(Provided material)
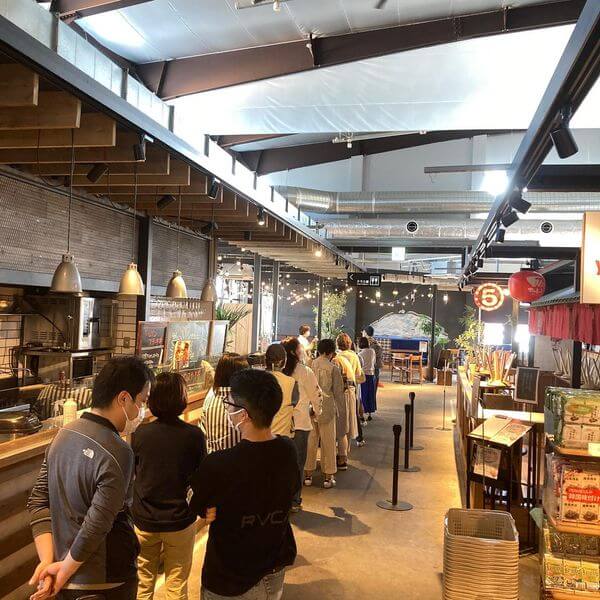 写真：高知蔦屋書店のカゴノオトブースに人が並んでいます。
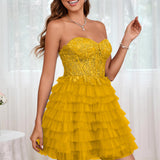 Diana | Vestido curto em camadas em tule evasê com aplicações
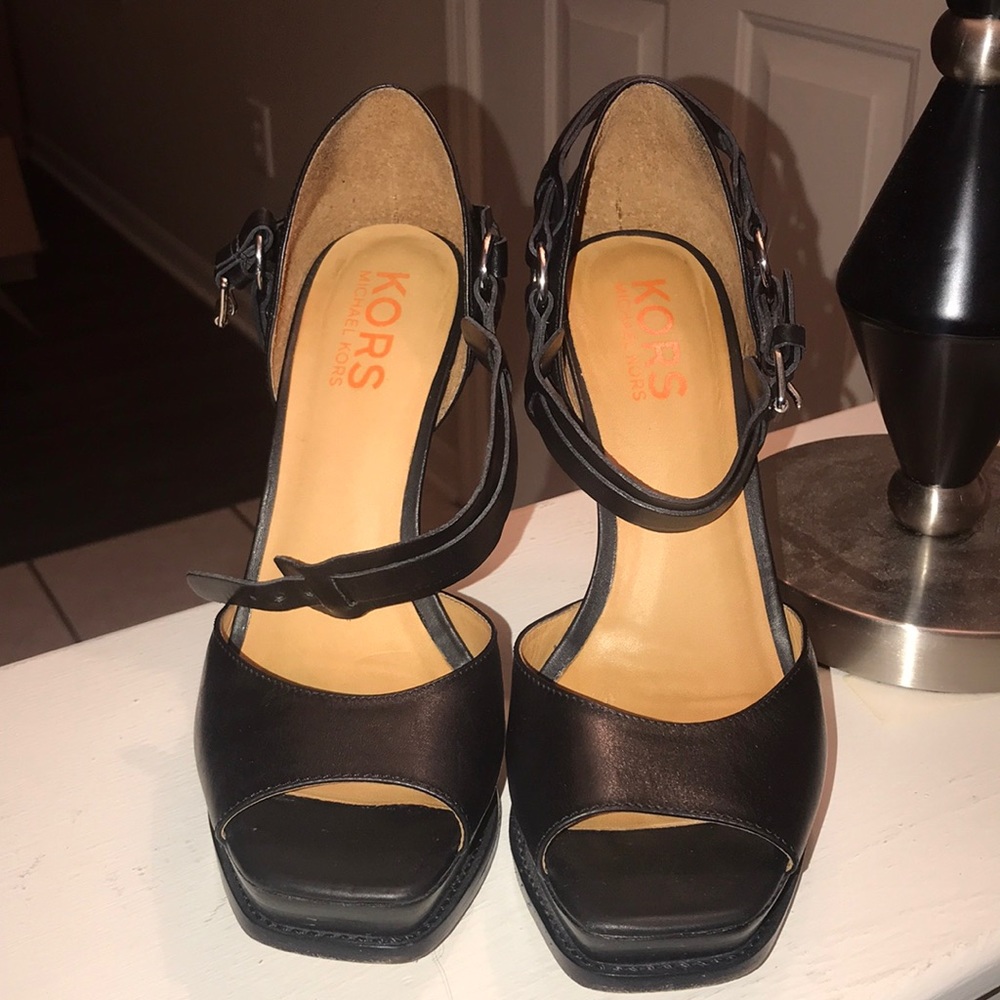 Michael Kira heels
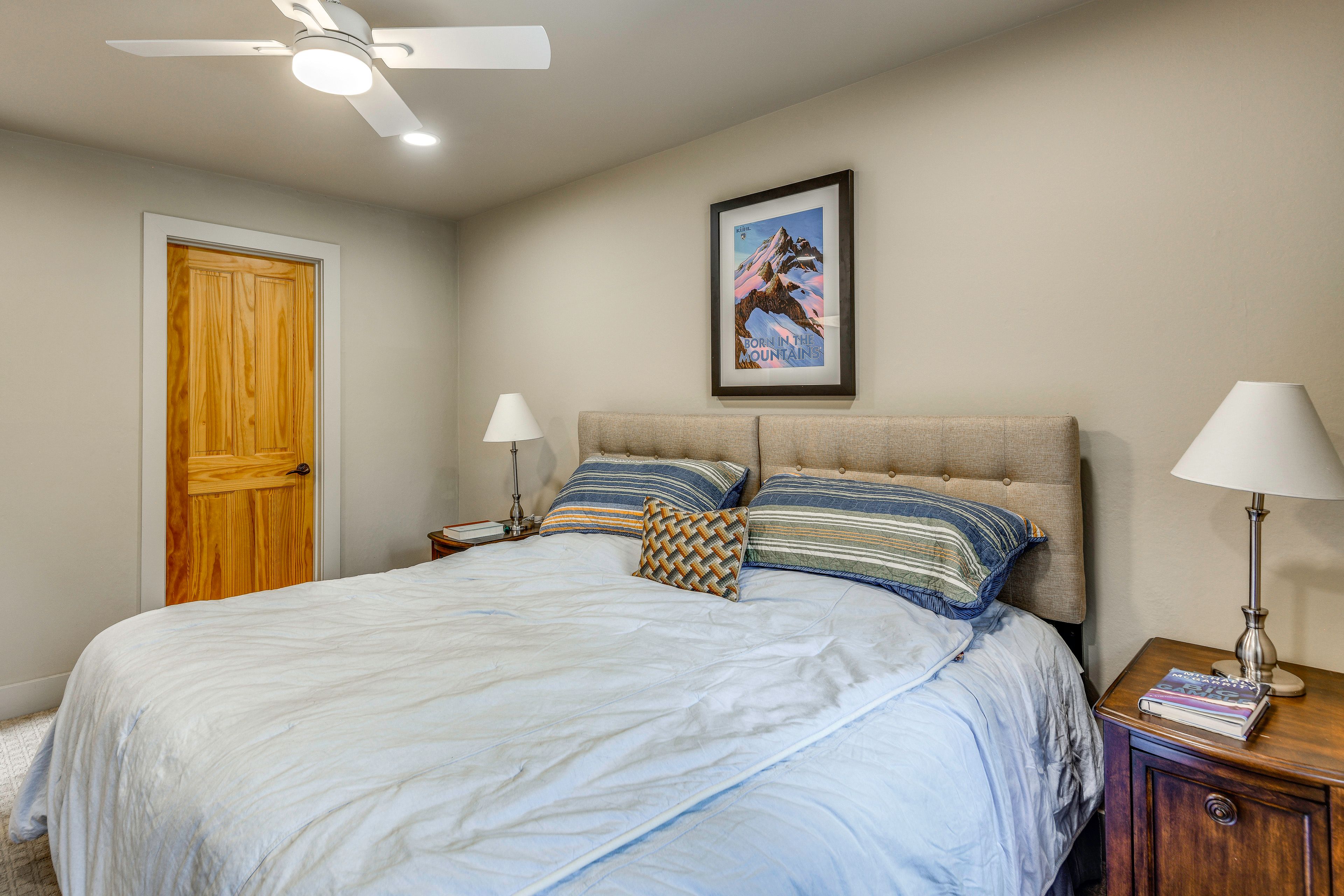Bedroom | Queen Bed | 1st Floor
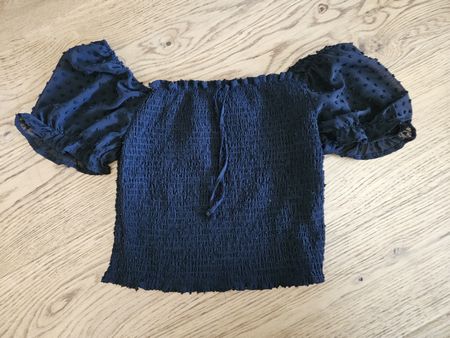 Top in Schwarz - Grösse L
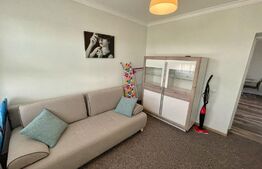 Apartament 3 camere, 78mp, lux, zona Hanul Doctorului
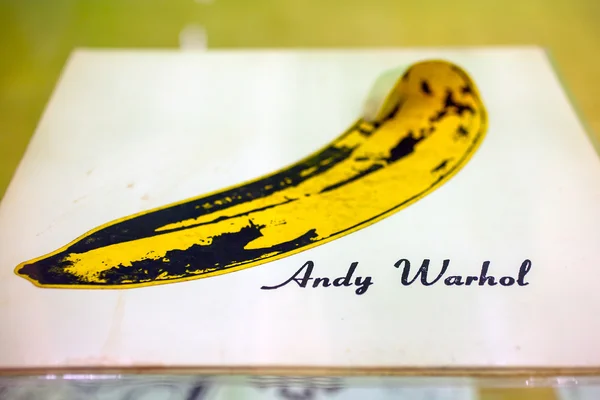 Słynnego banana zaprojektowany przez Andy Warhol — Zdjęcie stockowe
(End Provided material)
Work required
Starting at the line that contains "Diana | Vestido", write out exactly each line through the last one in the listing above, leaving out the pictures and adding nothing else.

Answer to the problem
 Diana | Vestido curto em camadas em tule evasê com aplicações
 Michael Kira heels
Bedroom | Queen Bed | 1st Floor
 Top in Schwarz - Grösse L
 Apartament 3 camere, 78mp, lux, zona Hanul Doctorului
 Słynnego banana zaprojektowany przez Andy Warhol — Zdjęcie stockowe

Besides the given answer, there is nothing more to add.